Иван Франко, засев за столиком, оборонял подавляющую в те времена проблему, которая разъединяла приятелей и вызвала вражду и горячие дискуссии. Это был вопрос, писать нам «ся» с глаголом вместе или отдельно. Франко упрекали, что он пренебрегает традицией, когда отстаивает мысль, чтобы писать «ся» вместе. Рассказывали во Львове, что во время пиршества на одном «приходстве» в разгаре такой дискуссии отец декан схватил миску с пирогами и высыпал их на поэта. Несколько раз в течение года посещал львовские кофейни приезжий из провинции или из Вены посол и адвокат Теофил Окуневский. В 1897 году украинские парламентарии вместе с польскими преподнесли императору обращение, в котором заявили польско-украинское согласие. Подписали все послы за исключением Окуневского.
— Украинский народ сделал другое обращение! — заявил Окуневский.
Он послал к императору требование разделить Галичину на украинскую и польскую.
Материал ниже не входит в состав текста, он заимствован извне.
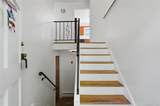 17 Yerkes Road - Photo 2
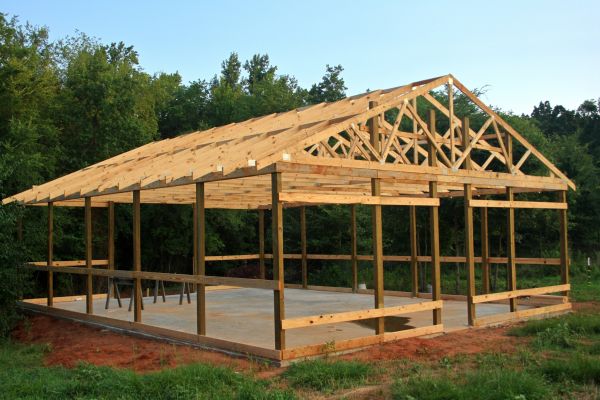Barn Pad Installation in Athens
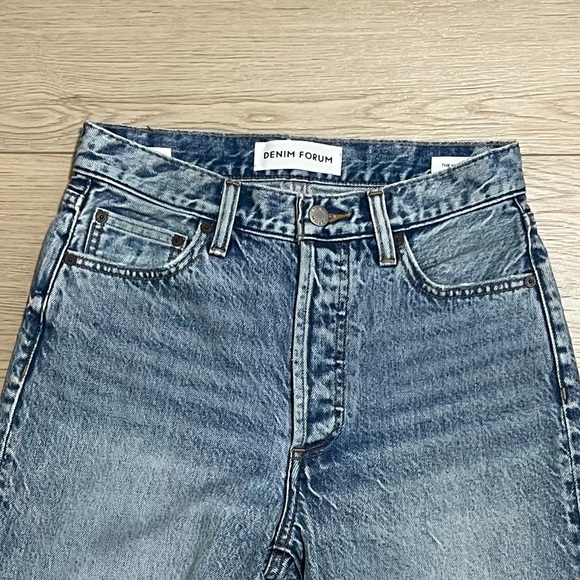 Denim Forum The Nina Mid Thigh Short Sz 25 - Picture 11 of 12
Предтеча бандеровцев. На собраниях уже тогда говорил коротко, согласно своим аргументам: мужик предпочитает длинную колбасу длинной проповеди.
Бывали в кофейнях люди большого формата и люди малые, и те же снобы, которые хотели посидеть рядом с теми выдающимися, чтобы после рассказывать, в каком это обществе они бывают. Были деятели и «пискачи», с которыми никакого дела не сделаете. О таких говорил посол барон Василько: «ман кап зинген, ман кан танцен, абер нихт миф ден засранцен».
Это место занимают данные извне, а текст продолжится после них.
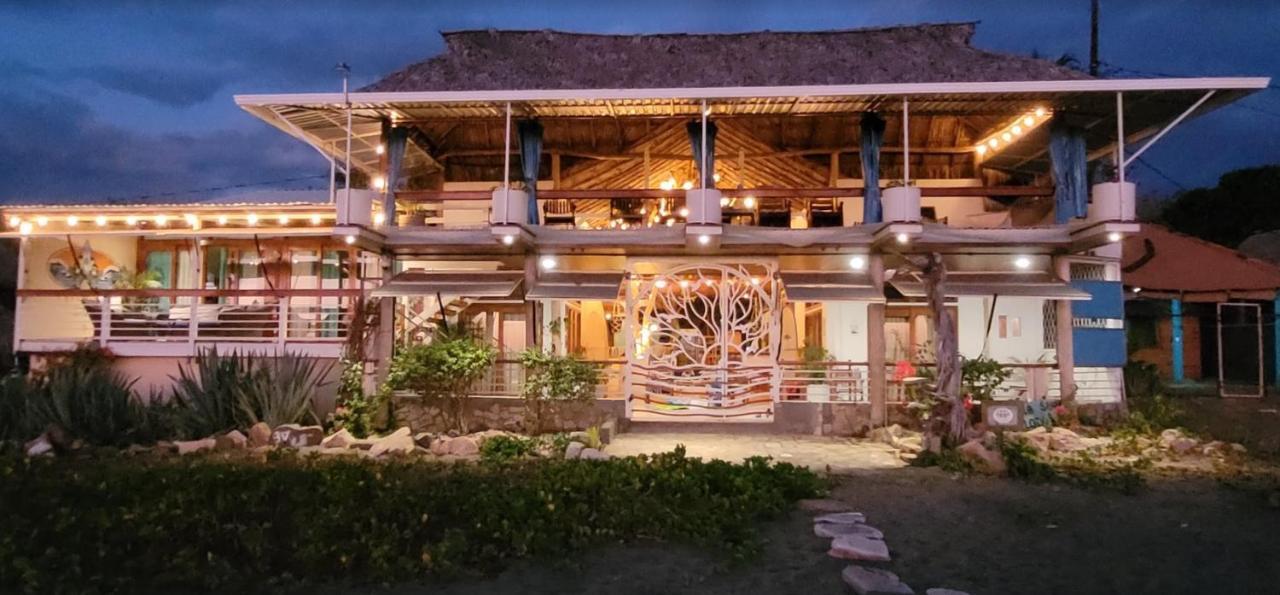 Sirena Surf Lodge Miramar Nicaragua ภายนอก รูปภาพ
«В сумерках кофеен и впрямь живут целые группы людей, которые создают характерную и специфическую среду, жаждущую дыхания Европы, которое веет с газетных страниц, жаждущую сплетен большого города, а прежде всего яркой жизни на волнах дрожащего света, в арабесках дыма, среди перекличек официантов», — писал в 1910 году один из первых воспевателей быта кофеен Франц Яворский.
Однако сам он к завсегдатаям кнайп не принадлежал. Свидетельствует об этом его удивление: «Знаю одного журналиста, который с гордостью рассказывает, что лучшие свои статьи создал в кофейне». Это вызвало насмешки другого автора, еврейского журналиста Йозефа Майена: «Боже мой! Знаю одного журналиста, который считает, что никогда в жизни не написал еще ни одной статьи вне кофейни. Но не рассказываю об этом налево и направо только потому, что считаю этот факт самым естественным в мире. Этот журналист — это я. И при написании этих слов сижу, ясно, за столиком кофейни, оглядываюсь вокруг, грызу перо и леплю фразы».
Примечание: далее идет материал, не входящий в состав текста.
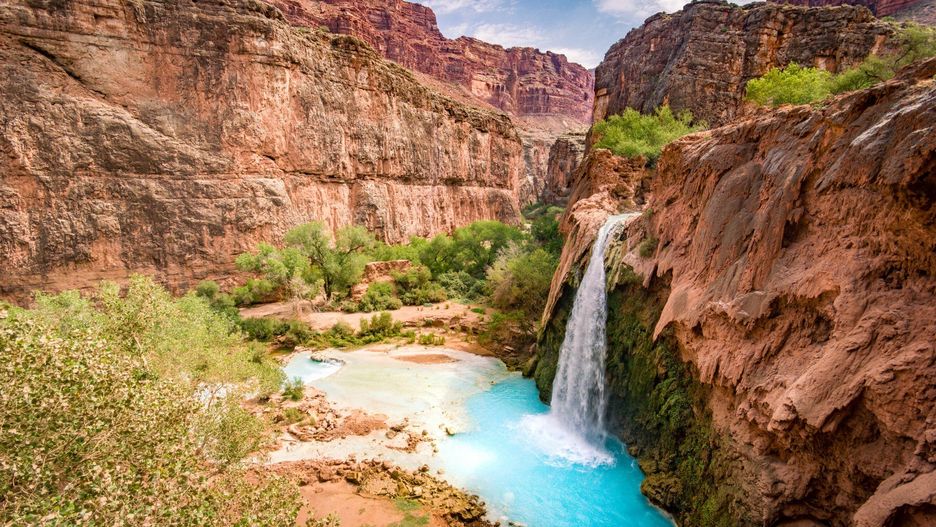 Havasupai, waterfall into the Grand Canyon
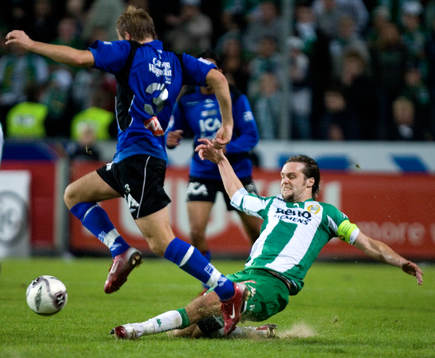 Glidtackling Max von Schlebrügge mot Jesper Westerberg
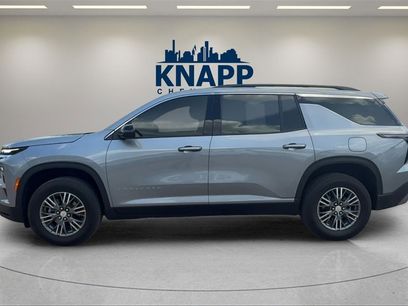 Used 2025 Chevrolet Traverse LT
«Кофейня, — писал Петро Карманский, — это изобретение XIX в., изобретение тех времен, когда городская жизнь стала страдать расстройством нервов и когда люди обеднели, т. е. потеряли возможность сходиться в дорогих пивных и погребках, что могут себе позволить разве что биржевики и отдельные пенсионеры.